I often comment that if I weren't doing a PhD, I'd go into Organizational Management. Organization at its most basic and time management are critical for success - especially in today's multi-tasking, heavily committed world. As a student staff member in my college dorm, I held many courses and workshops on study skills, success in college, and professionalism. I completed two degrees in four years because of my mastery of study techniques and I have maintained that propensity through the progression of my self-guided graduate research.
I have worked independently with a number of students on their college and graduate school applications. As a senior in college, I worked as a Diversity Recruitment Associate for the Office of Undergraduate Admissions where I was responsible for outreach to under-resourced and under-represented school districts throughout Northern California. I recruited students and helped them through the application process, always emphasizing that the worst thing you can do as a student is not apply - you never know what admissions counselors will be looking for. I am also a Mellon Mays Undergraduate Fellow and a Institute for the Recruitment of Teachers Associates Program Fellow - two programs focused on minority and women pipeline issues in higher education.

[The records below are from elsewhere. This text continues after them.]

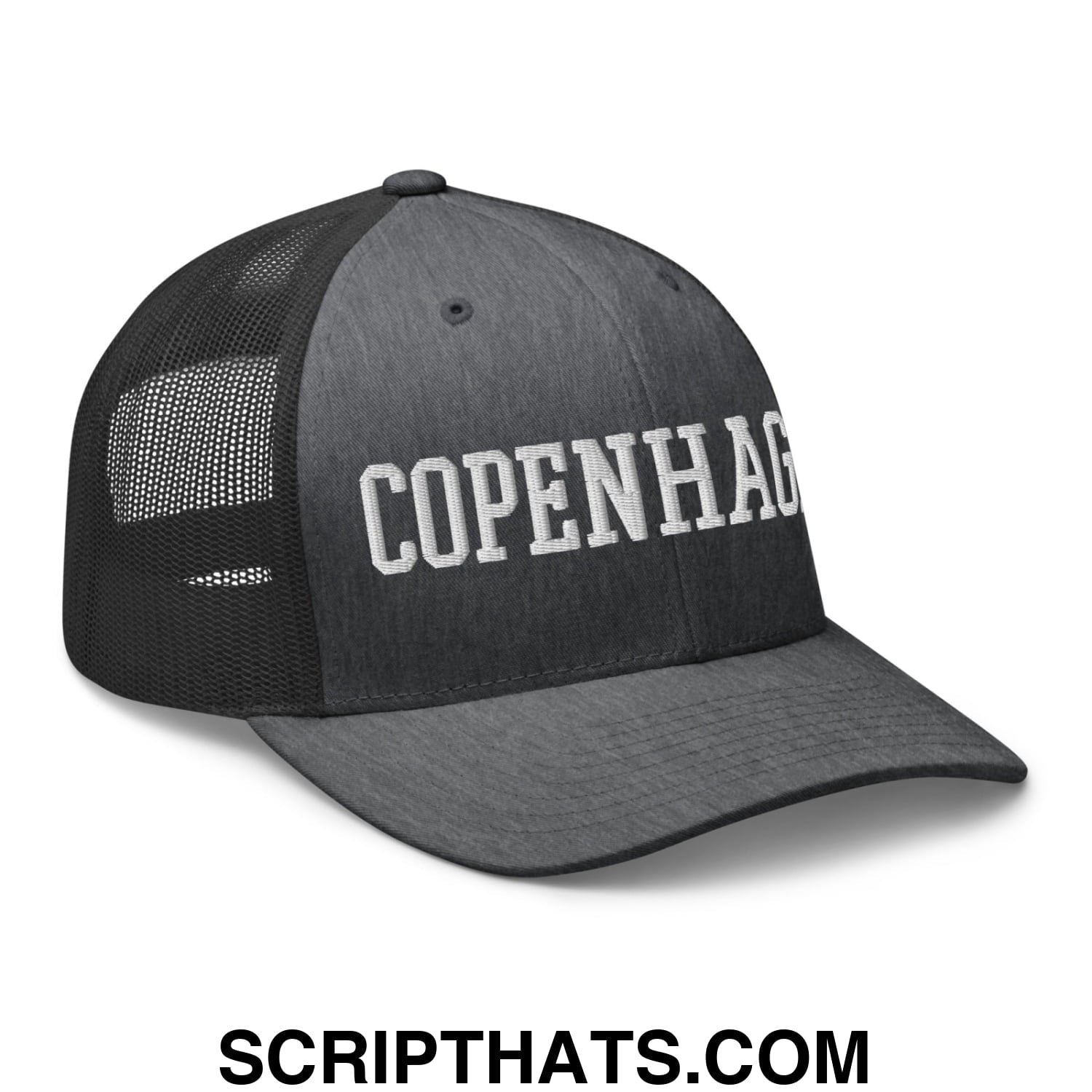 Copenhagen Varsity College Block Embroidered Mesh Trucker Hat Dark Heather Gray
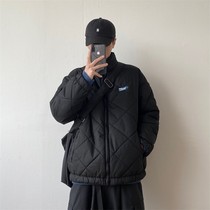 Winter loose collar cotton-padded clothes Japanese literary youth black slim bread clothing BF men's and women's padded jacket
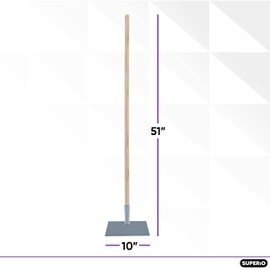 Superio Ice Chipper Driveway Heavy Duty Ice Scraper Snow Removel Equipment- Floor Scraper Long Handle Heavy Duty Stainless Steel 10" Blade Ice Chopper with Wooden Handle (4)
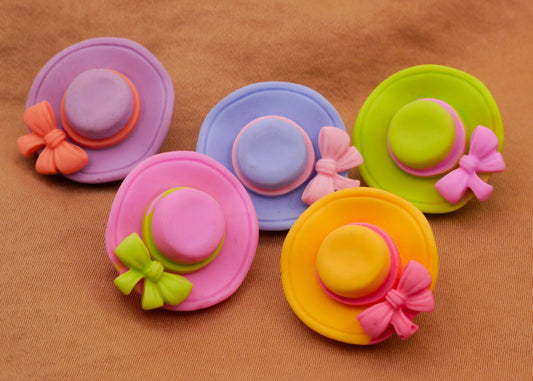 Hat Bonnet Bow Colorful Kids Set of Five Buttons 20x22mm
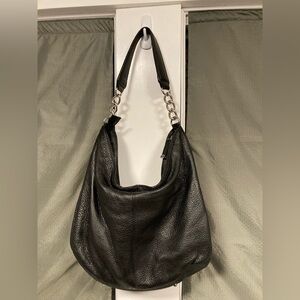 Calvin Klein Black Pebbled Leather Shoulder Bag with Silver Chain Accent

I am currently completing my PhD in Anthropology at the University of Pennsylvania (although I am currently living in Ann Arbor). I completed my MA in Anthropology at Stanford University in 2011. Although my dissertation concentration is in archaeology, I have been a teaching assistant for two cultural anthropology courses - "Globalization in Historical Perspective" and "The Modern World and Its Cultural Background." In these courses, I taught to weekly 50-minute discussion sections and held regular office hours for one-on-one advising. I also regularly contribute scholarship to anthropological professional organizations.

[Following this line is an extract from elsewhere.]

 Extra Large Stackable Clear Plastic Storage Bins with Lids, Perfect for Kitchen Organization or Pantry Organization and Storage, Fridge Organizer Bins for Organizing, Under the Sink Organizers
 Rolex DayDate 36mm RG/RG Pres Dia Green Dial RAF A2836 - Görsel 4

My ongoing PhD dissertation research focuses on the archaeology of a series of 19th century indigenous revolt sites in Quintana Roo, Mexico. In addition to my current fieldwork, I have worked on archaeological projects in Turkey (Catalhoyuk), Northern England (Binchester Roman Fort), Western Australia, and throughout the San Francisco Bay Area. I have been a teaching assistant for two archaeology courses - "Introduction to Archaeology" and "Public Policy, Museums, and Cultural Heritage" - for which I taught two weekly 50-minute discussion sections and held office hours for individualized advising. I received my BA in archaeology from Stanford University in 2011.
As an anthropologist, social studies is in many ways what I do. Social studies at the junior and high school levels is geared at general knowledge about the world, American history, and civic engagement. As an American Anthropologist, the American history is critical to my understanding of contemporary world politics. But, what is more, teaching a broad understanding of the world, cultural diversity, the importance of history, and the obligations of civic participation have been cornerstones to each of the courses I have TAed.
In my capacity as a Program Coordinator for the Black Community Services Center and Publications Chair for the NAACP Chapter at Stanford University, I frequently utilized Publisher to create brochures, posters, invitations, and more.
While my degrees are in Anthropology and Archaeology, I minored in International Relations and my dissertation work, among other things, explores the contested nature of cultural heritage as a political tool. Much of the work I continue to do is at the intersection of Anthropology, History, and Political Science. One of the courses I TAed for was also crossed listed in Political Science and International Relations - "Globalization in Historical Perspective."